Raw data below:

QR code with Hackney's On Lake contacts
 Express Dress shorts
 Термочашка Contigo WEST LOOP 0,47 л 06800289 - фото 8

End of Raw data.

Task goal >>
Every line from the one containing "Express Dress shorts" through the end of the material above should be retyped exactly; please include nothing else.

Your solution >>
 Express Dress shorts
 Термочашка Contigo WEST LOOP 0,47 л 06800289 - фото 8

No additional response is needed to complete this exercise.